The story behind theThe New York Times Company’s use of MongoDB isn’t new. Data scientist and then NYT employee Jake Porway spoke in June 2011 about how the media giant uses MongoDB in Project Cascade, a visualization tool that uses MongoDB to store and manage data about social sharing activity related to NYT content.
But what is perhaps new is the more recent realization of just how critical it is to build upon flexible data infrastructure like MongoDB in our ever-changing business climate.
Project Cascade visualizes the conversations happening aroundNYT content on Twitter, giving insight into which content is hot and who is fanning the flames. Joab Jackson, writing for PCWorld, has a great write-up, and you can also see an online demo.

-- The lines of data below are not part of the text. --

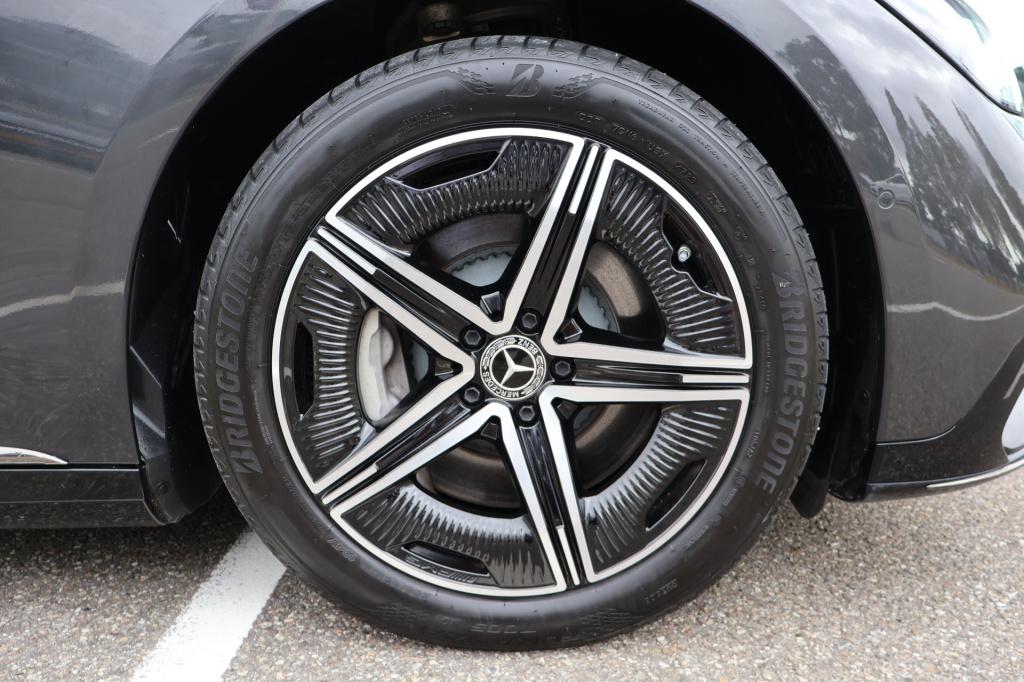 Mercedes-Benz Eqe 300 amg line 89 kwh i panoramadak i burmester i distronic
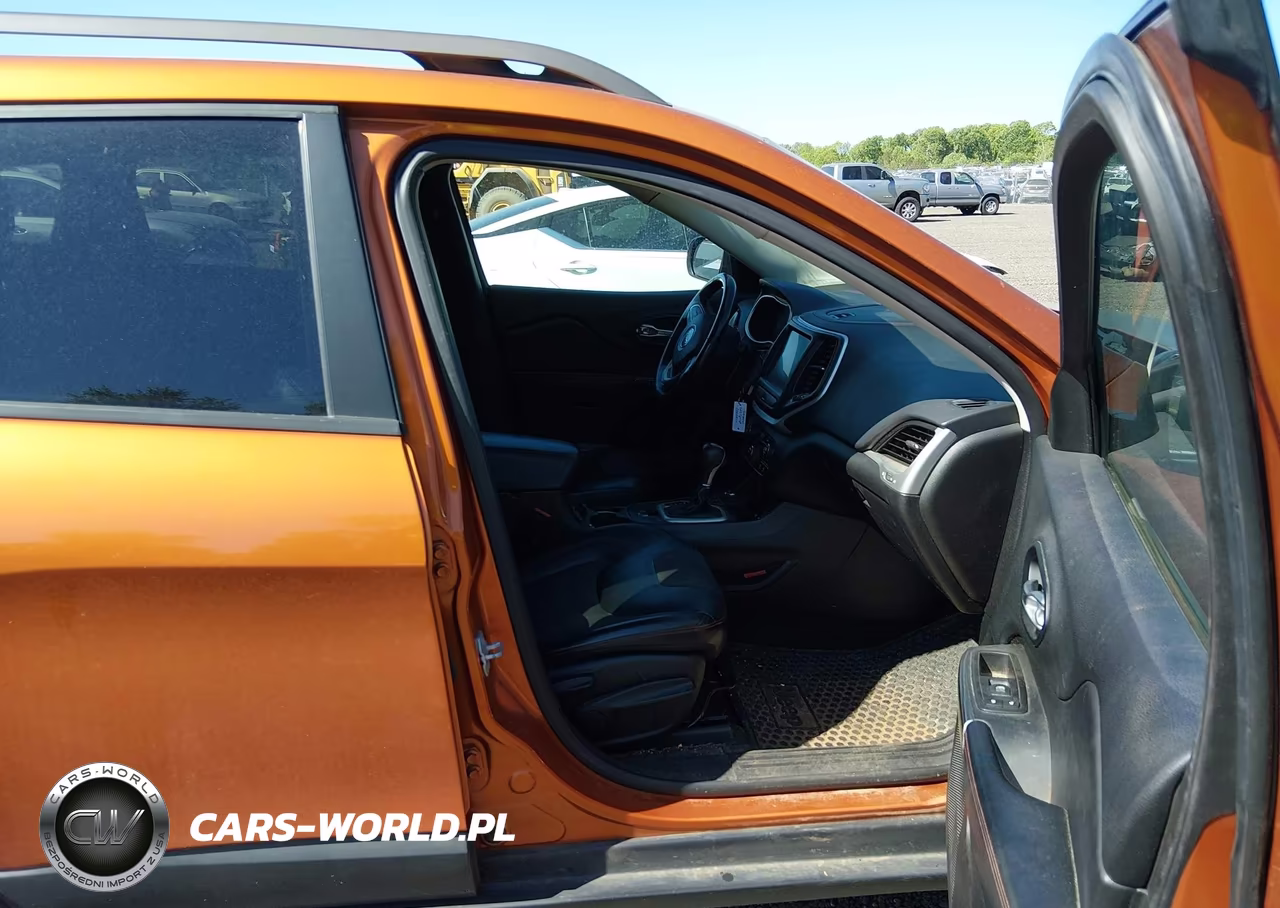 2015 Jeep Cherokee Trailhawk VIN:1C4PJMBS0FW698889 - 5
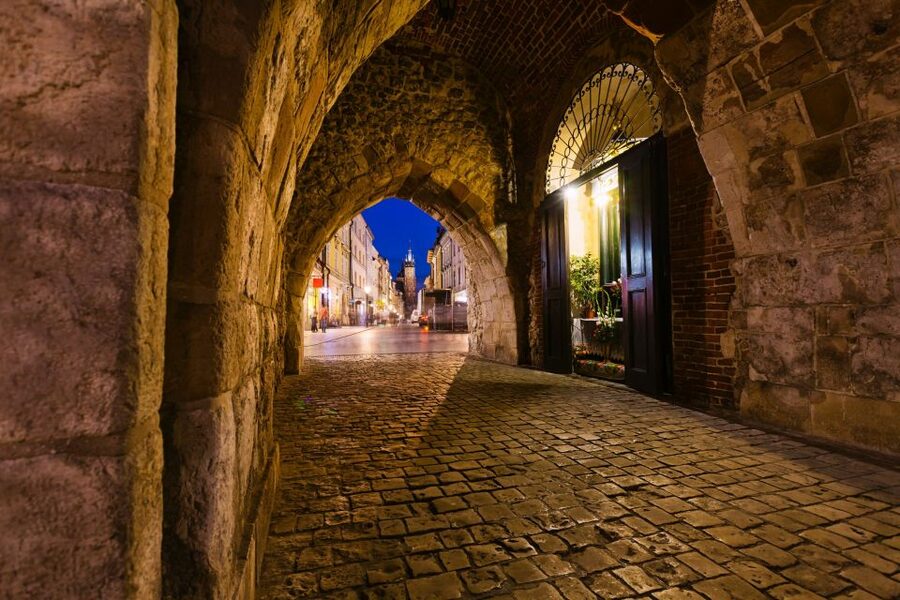 Creepy Krakow: 2-Hour City Walking Tour - The guides make or break the evening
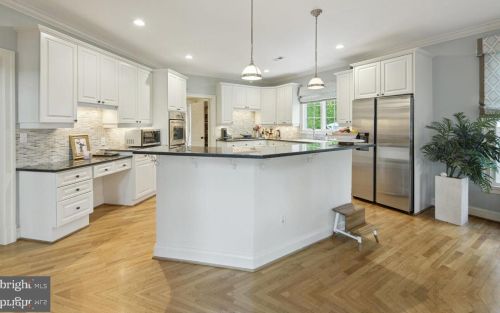 610 Poplar Dr, Falls Church VA  22046-2838 exterior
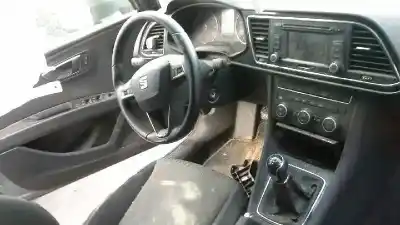 Vehicul casat seat leon (5f1) 1.6 tdi al anului 2015 alimentat clh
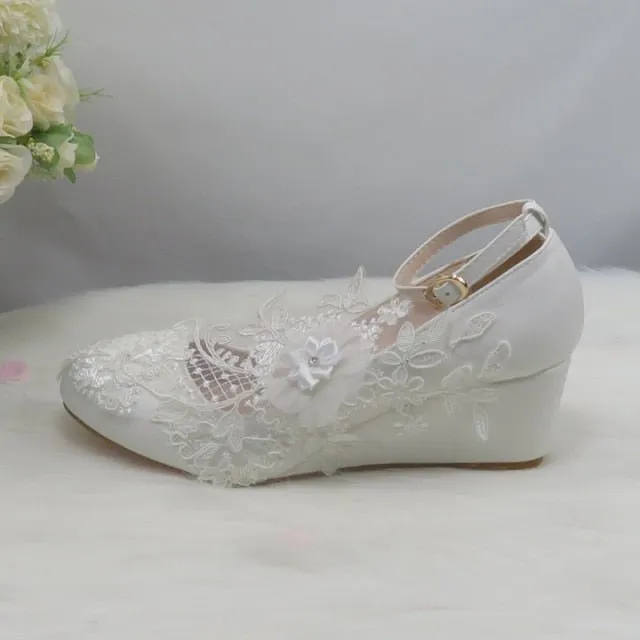 BAOYAFANG Bodacious White Flower High Heel Platform or Wedge Shoes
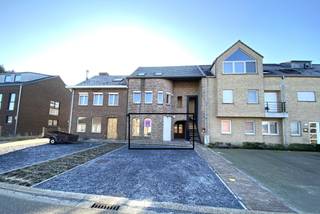 (ver)NIEUWBOUW gelijkvloers appartement (+-117M²), rustig doch centraal gelegen in kleine residentie van 4 appartementen, met terras en tuin.Verder...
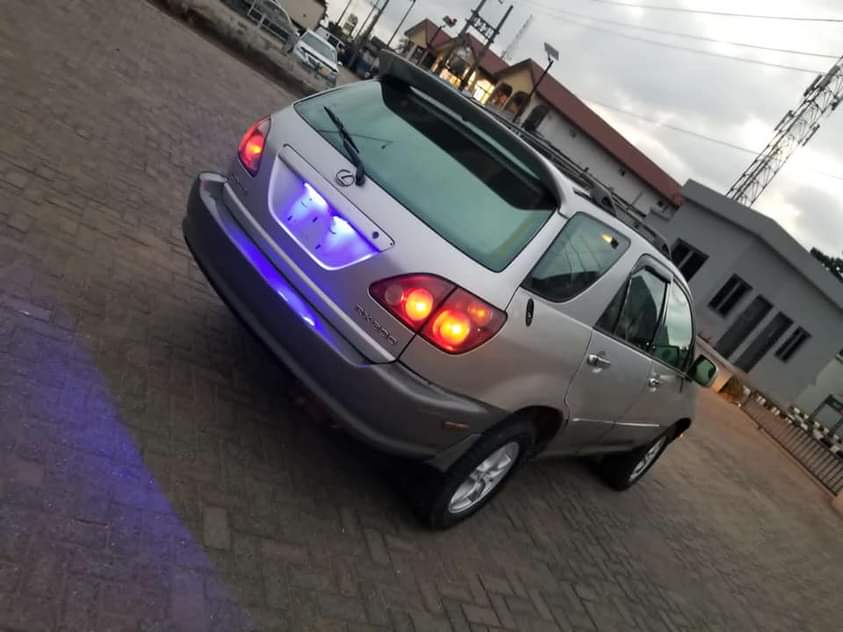 A picture of Purely first body Pangolo body 2000 model Rx300 with very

For the NYT, as Porway explains,
[Project Cascade] allows us to [answer] questions that are really big, like what is the best time of day to tweet? What kinds of tweets get people involved? Is it more important for our automated feeds to tweet, or for our journalists?

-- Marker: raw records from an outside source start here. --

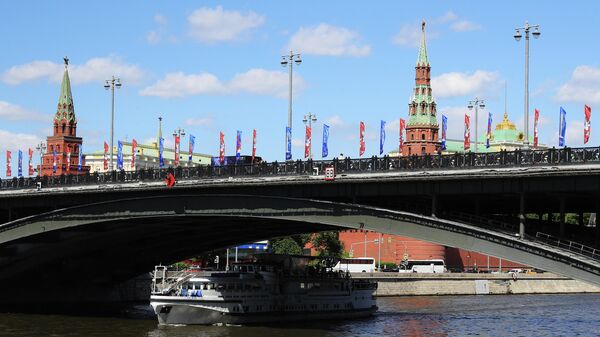 Вид на Большой Каменный мост с Софийской набережной в Москве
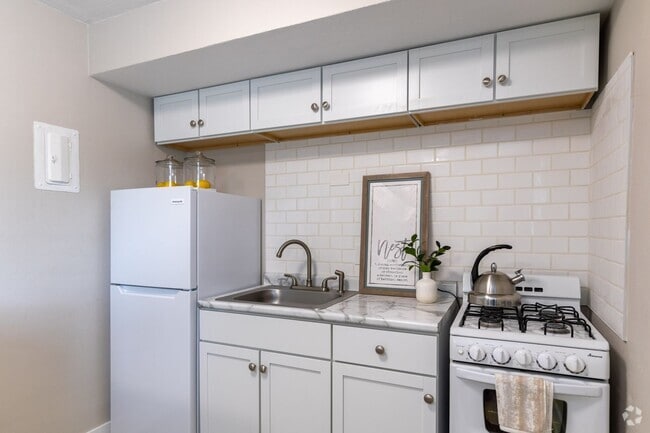 Building Photo - Highland Park Apartments | Standard 2 Bedroom Unit 1234 Seneca Avenue-4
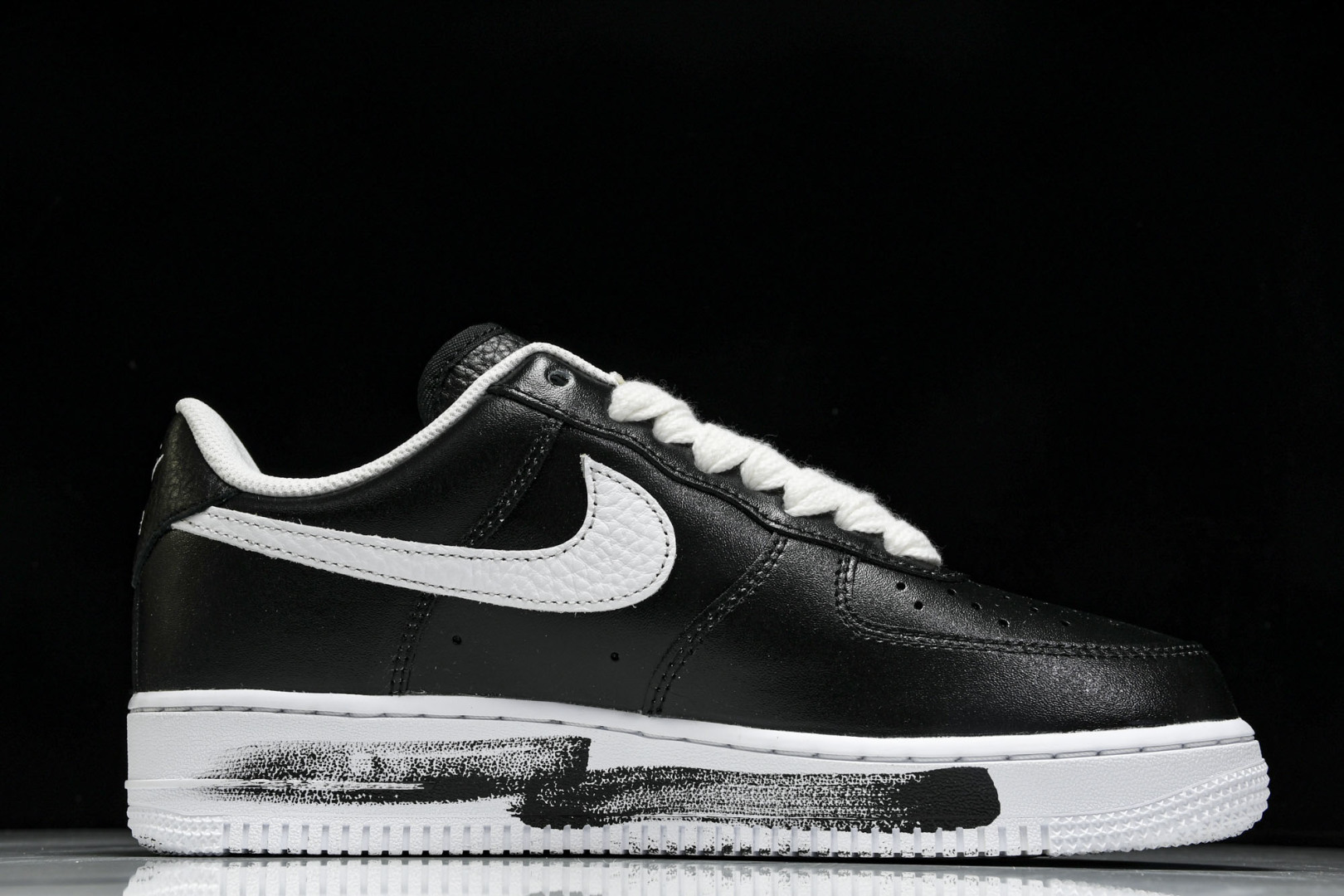 AF1权志龙 尺码36-47.5

纯原版出品-Air Force 1 Low G-Dragon Pea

Imagine, however, that the Times editors determine they actually need to be collecting different data. With a relational database, this would involve a fair amount of bother, but for the NYT’s R&D team, it’s simply a matter of tweaking MongoDB’s data model. As Porway notes, “We can't bother futzing with RDBMS schemas when we're constantly changing what we want to look at.”
The NYT started Project Cascade with just two weeks of data using just a single MongoDB instance and no replication. Even in this limited snapshot of the roughly 600 pieces of posted content and 25,000 Twitter links each day, Project Cascade was generating 100 GB of MongoDB storage each month.

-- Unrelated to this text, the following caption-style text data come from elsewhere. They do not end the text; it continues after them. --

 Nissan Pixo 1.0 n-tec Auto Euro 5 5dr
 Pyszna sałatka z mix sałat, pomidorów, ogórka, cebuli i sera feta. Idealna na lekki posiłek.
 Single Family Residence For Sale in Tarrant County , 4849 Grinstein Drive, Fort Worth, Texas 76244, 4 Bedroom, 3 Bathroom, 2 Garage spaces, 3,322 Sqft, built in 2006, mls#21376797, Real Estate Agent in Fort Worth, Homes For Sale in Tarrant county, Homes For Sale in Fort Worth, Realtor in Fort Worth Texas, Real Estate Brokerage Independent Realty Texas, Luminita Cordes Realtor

Fast forward to late 2011, and Project Cascade is in serious production, processing 100,000 tweets (and far more clicks) daily, all in real-time. This necessitated moving up to a four-node MongoDB replica set, but it didn’t involve adding the complexity of joins or other characteristics of a relational database.
As Deep Kapadia, Technical Program Manager at The New York Times Company, says, “MongoDB allows us to prototype things very quickly.” This is important for any enterprise application, as it allows companies to iterate around their data. Most won’t know exactly what their data model should look like right from the start. The NYT certainly didn’t. As Kapadia explains, the NYT didn’t have to do any schema design upfront to determine which fields to capture from Twitter or Bit.ly, but could simply dump all the data into MongoDB and figure out how to process it later. That flexibility is powerful.
Granted, not all businesses will want to change as often as the NYT’s research group, but in a world of accelerating change, it’s increasingly critical that companies don’t hard-code rigid schemas into their data infrastructure.
It’s also important that enterprises look to the future. However small a project starts, Big Data looms. Porway explains, “Even if we're not dealing with big data when we start a project, the data demands can rise significantly.” A RDBMS scale-up strategy quickly becomes expensive and constrictive. A NoSQL scale-out architecture is much more forgiving. MongoDB is particularly useful as it runs as well on a single node as it does on hundreds of nodes. Scale almost always starts with one node, as Foursquare and others have found.
While the Web companies like Google and Twitter ran into the constraints of RDBMS technology first, mainstream enterprises are hitting them now. The New York Times has been publishing continuously since 1851, yet the nature of its business has changed significantly since the advent of the Internet. The same is true for most businesses. Like NYT, most mainstream enterprises today will find themselves collecting, filtering, and analyzing realtime data feeds from a variety of sources to better understand how customers and prospects interact with their products and services. MongoDB fits perfectly in this kind of ever-changing world.
Not surprisingly, the publishing and media world is grappling with the need for flexible data models in a very public way. Like the NYT, UK-based news publisher The Guardian also uses MongoDB to help it adapt to digital and the business models enabled by it. In order to flexibly iterate on different user engagement models, The Guardian had to drop old-school relational database technology and move to MongoDB.
Not that MongoDB is perfect. As Kapadia highlighted roughly a year after Porway’s original presentation, there is definitely a science to deploying MongoDB effectively. It’s very easy to get started with MongoDB, but it requires the same level of care that any critical data infrastructure does.
If Tim O’Reilly is right and “Data is the new Intel Inside,” then it’s important to build applications on a flexible database that not only can scale to collect increasing quantities of data, but also affords the agility to change one’s data model as business needs change. Data offer real competitive advantage to the companies prepared to leverage them. Just ask The New York Times.